The game manages the story of your character and dynasty through a series of pop up events. These can be for a range of things (effected by DLC) which help tell the story. For example, you might go hunting, a wandering mystic may visit you, someone will declare war, someone will ask to marry your daughter, your son may get the local milk maid pregnant. These events are fired somewhat randomly but have a set of conditions which will make them fire. These conditions are related to both your character traits, abilities and just blind chance.

The game can potentially cover a time period of approximately 600 years (again effected by DLC .. .see the pattern?) so the in game timer ticks a day in about 3-4 seconds. This can be sped up or slowed down. Often a very slow game will give you acres of space to micromanage but can suck a lot of real life time. At the same time I would not recommend using the max time setting as you will blink and miss some important developments or deaths. There is a balance that each individual player needs to strike between flow of the games time an important events. Such occasions may also effect your use of this timer. I sometimes play on ultra slow if at war or being attacked and ultra fast if my character dies leaving me with a child ruler who I need to come of age (16 in CK II).


The learning curve of CKII is both daunting and quite complex, unfortunately the in game manual is not the finest. No tutorial mode also means that this game is quite a trial and error mess when you have your first run though, however the paradox community forums are very active and good at offering support. Players generally recommend playing as an Irish count or Duke to start out with. Sometimes referred to as newbie island, Ireland is pretty much safe from large AI factions and can allow you to learn the basics in what is a microcosm of the main map.

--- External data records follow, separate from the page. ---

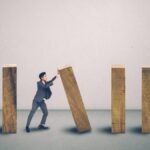 asx-200-stocks-plunge-30-top-picks-for-new-year-buying-surge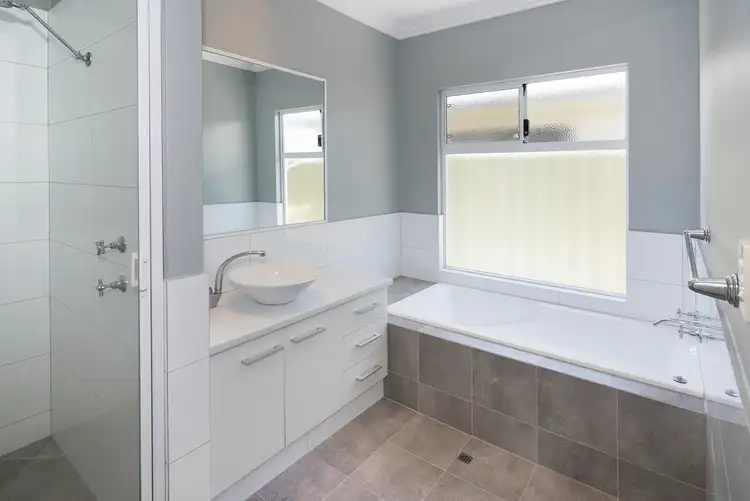 Seventh view of Homely house listing, 28 Parksview Blvd, Vasse WA 6280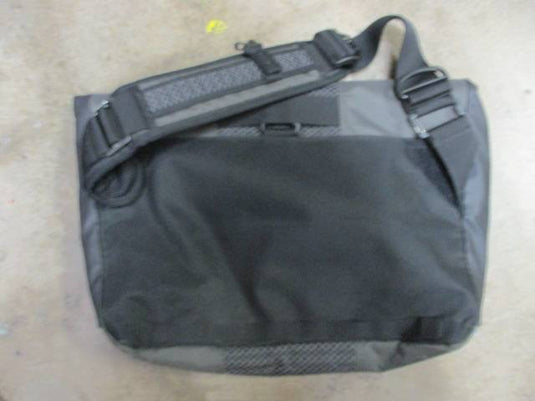 Used Timbuk2 Messenger Bag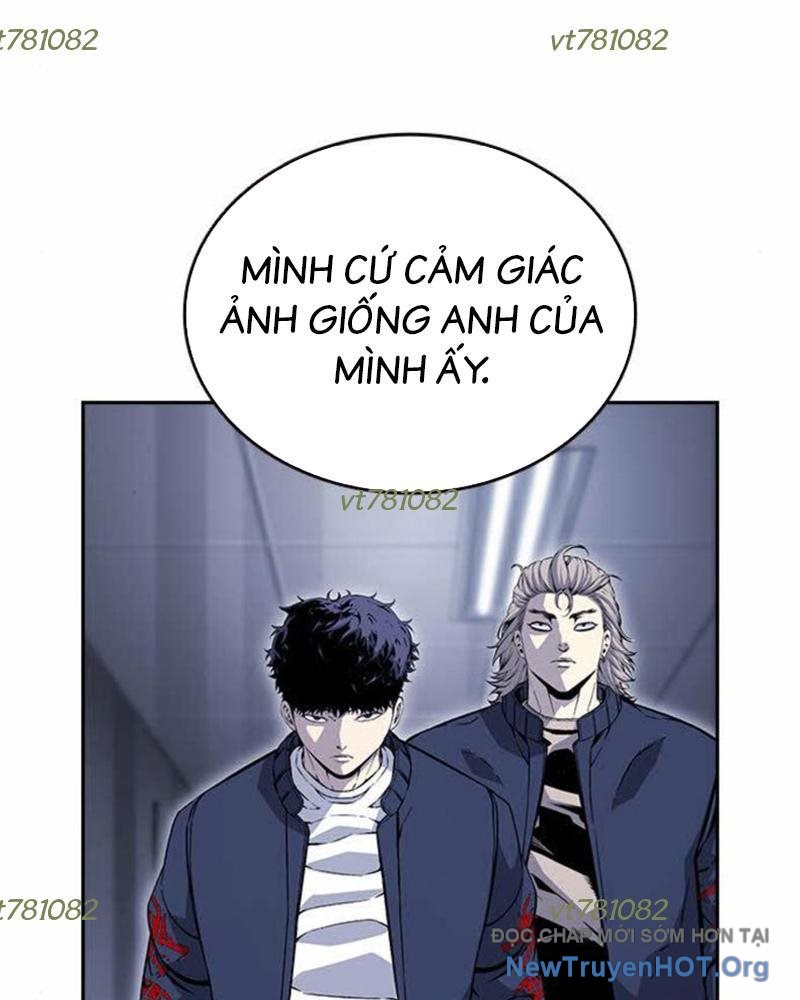 King Game chapter 112 - Trang 83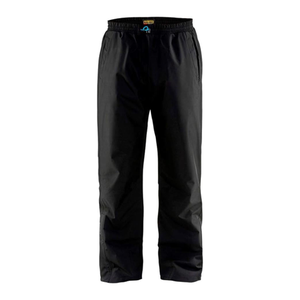 Bild von BLÅKLADER Regenhose - Optimaler Schutz bei jedem Wetter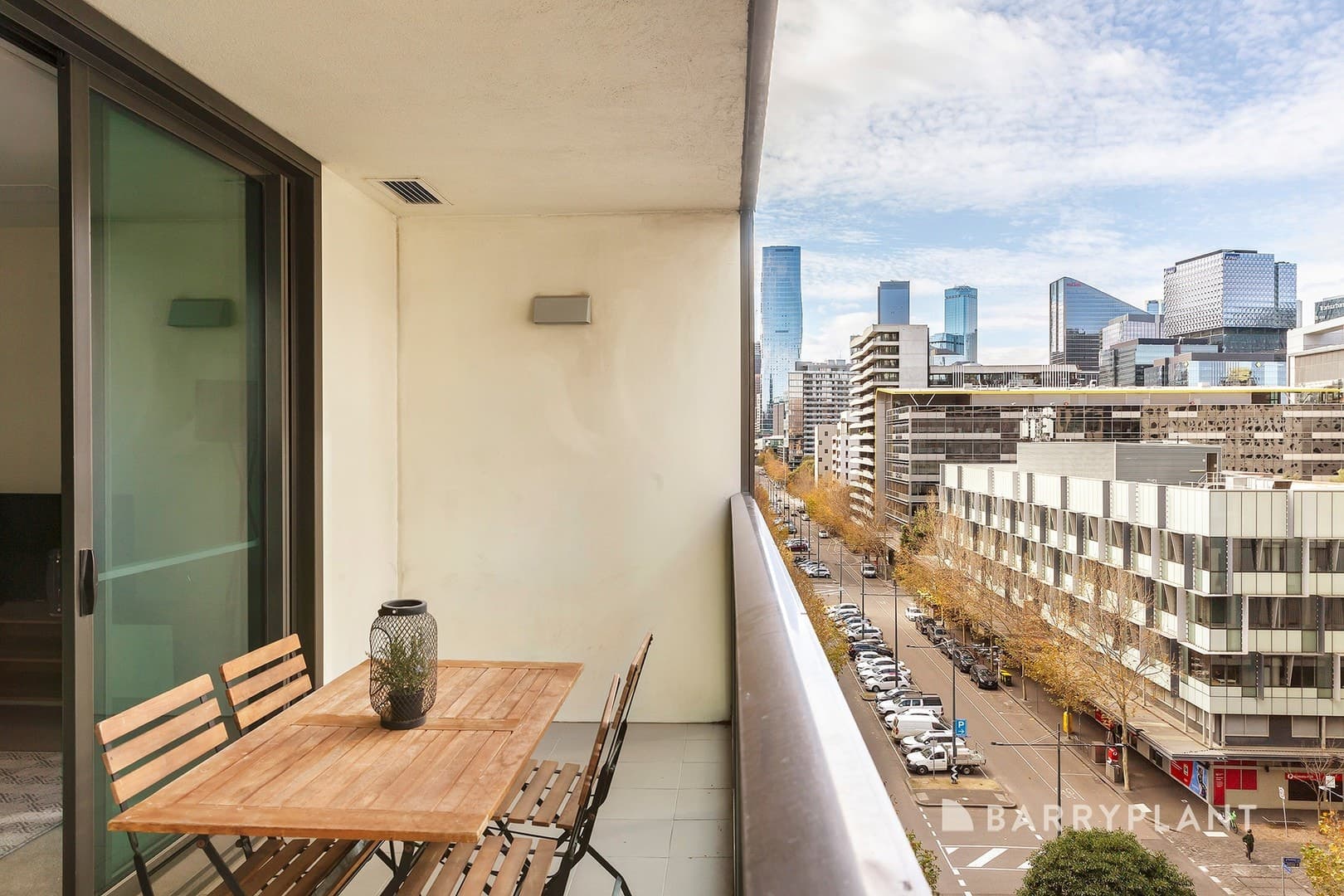 7C/8 Waterside Place, Docklands, VIC 3008, Docklands - Thumbnail 3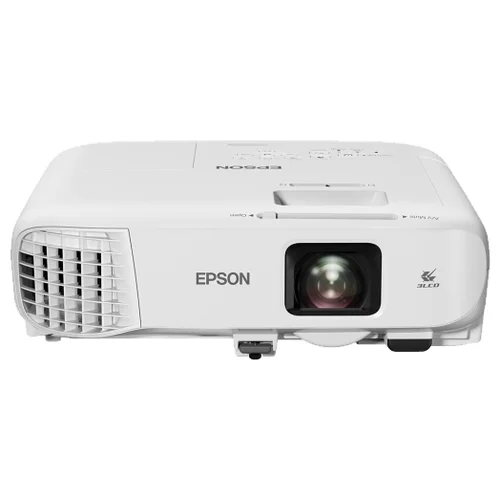 Мультимедийный проектор Epson EB-2247U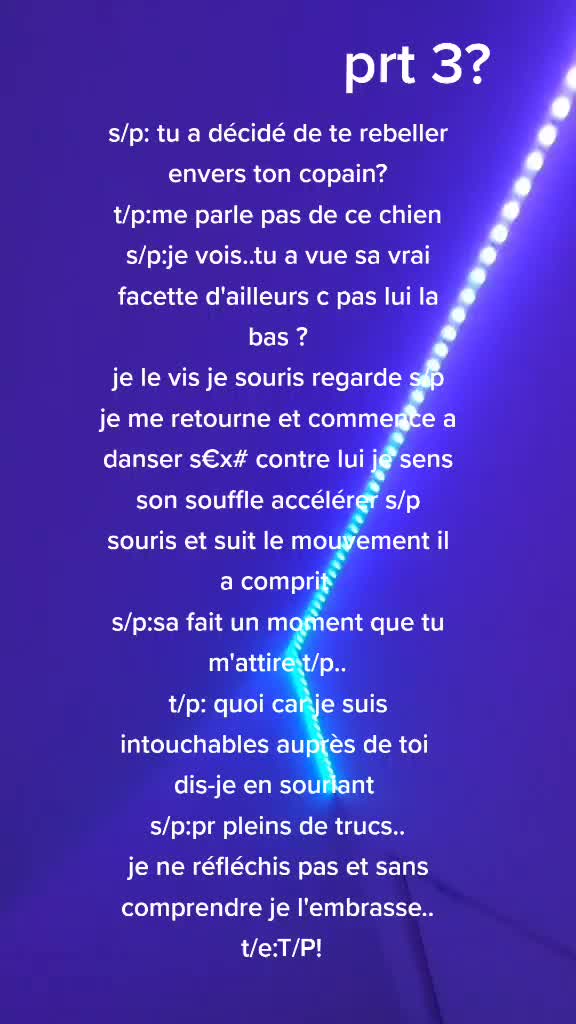 @~histoirelove~
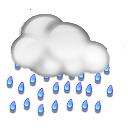 Météo de Craiova pour le Jeudi 04 Juin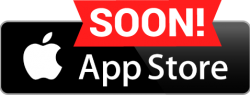 AppStoreSoon.png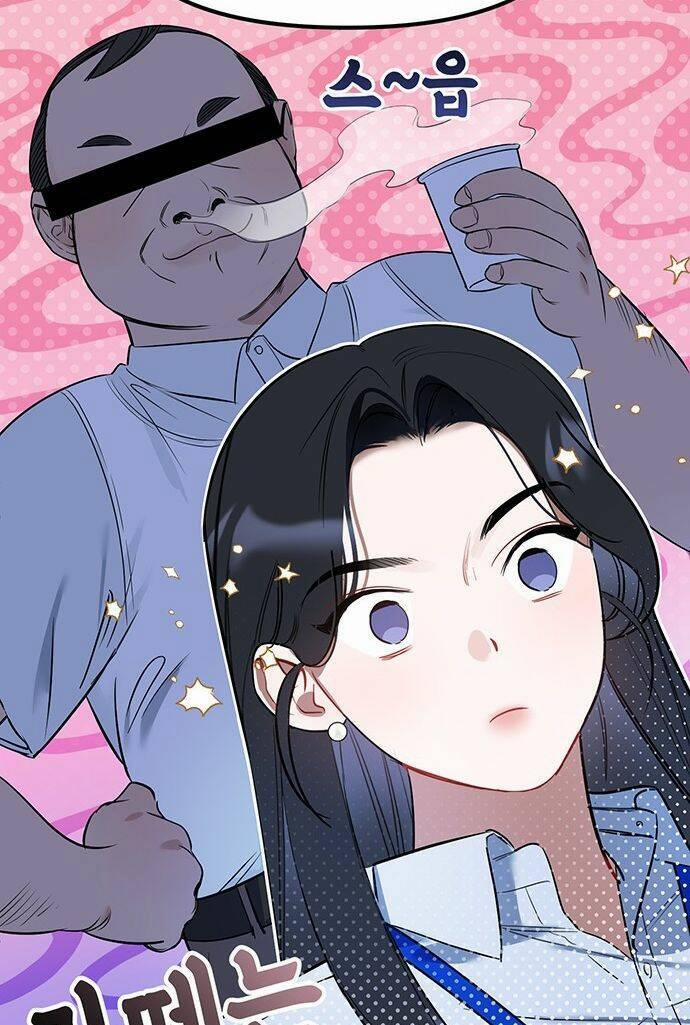 Công Việc Bất Thường 1 trang 61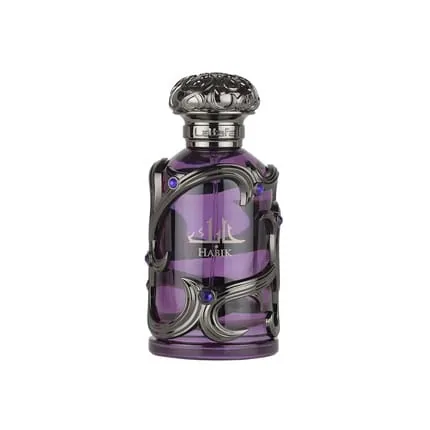 Lattafa Habik For Men Eau De Parfum 100ml Men Fragrance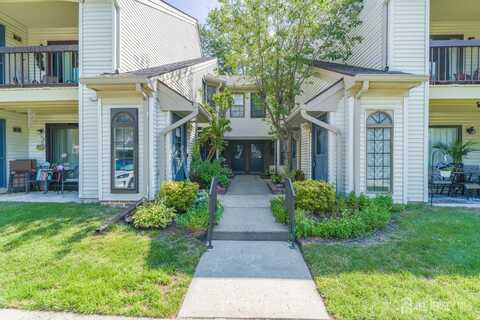 2311 Bayhead Drive, Sayreville, NJ 08859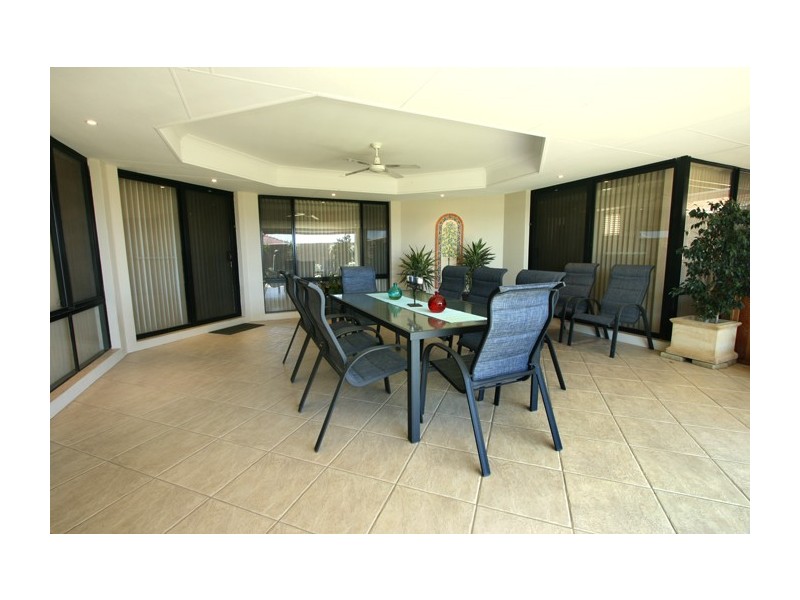 63 Tranby Drive, Baldivis WA 6171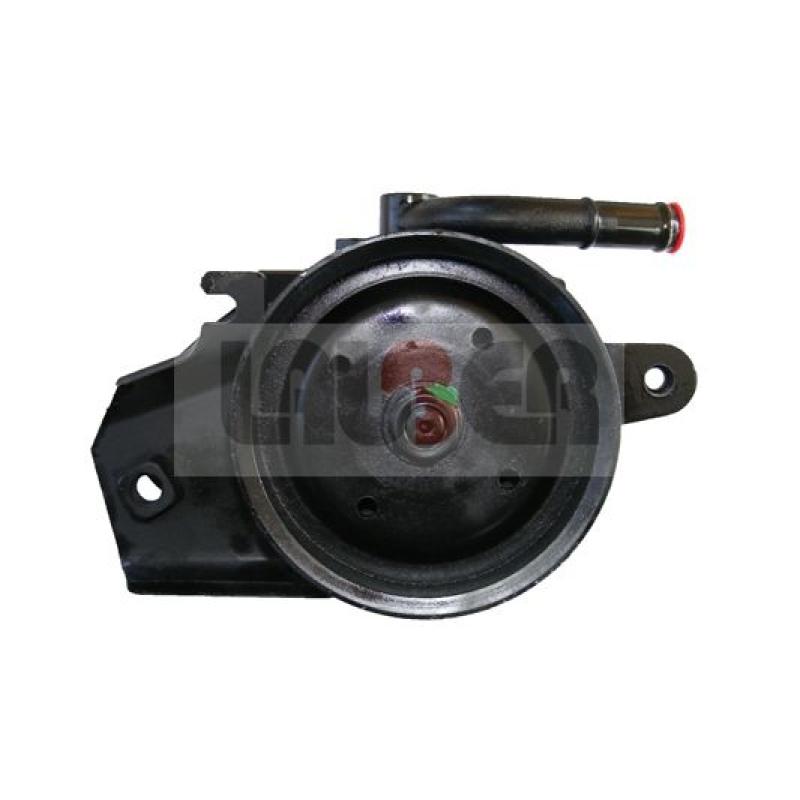Pompe hydraulique, direction LAUBER 55.0632 - Visuel 1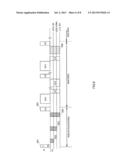 WIRELESS COMMUNICATION DEVICE, WIRELESS COMMUNICATION METHOD AND     PROCESSING CIRCUIT diagram and image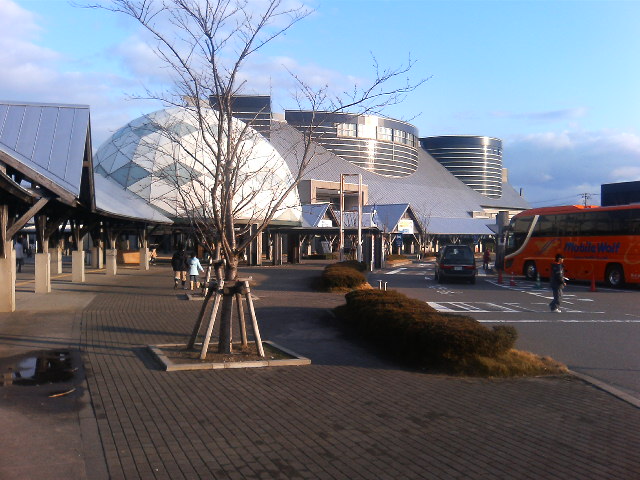 e0046190_1392495.jpg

As stated the community for this game is large and very active with a huge mod community. There are some really great mods out there but perhaps the best available is a Game of Thrones total conversion. Yes you read that correctly. So if you’re a fan of George RR Martins work you can take control of your favoured house and change the destiny of Westeros. There is also a very active AAR forum on both the Paradox forums and Reddit where people tell the stories of their characters and exploits. The game contains a few Easter eggs as well such as the inclusion of Uhtred of Babenberg (of Bernard Cornwell’s Last Kingdom fame) and Ragnar Lodbrok (of Vikings fame) in the Old Gods start there is also a ruler editor which allows you to create your own ruler which is a nice touch.


The potential of this game is truly massive, although considering the price tag it honestly should be. CKII which was released in 2012 has had many DLC updates which all add an extra something to the game if you were to buy the entire package outside of a sale it would cost you a whopping £200+. I don’t feel that any game is worth that amount but the core game with a couple of add-ons is well worth a punt. I would recommend Old Gods, Way of Life & Monks and Mystics if you were just starting out, there are however often deals floating about so its worth waiting for one of those before paying full price.
I truly love CKII and it really is a one of a kind game that you can get lost in your families destiny and story with ease.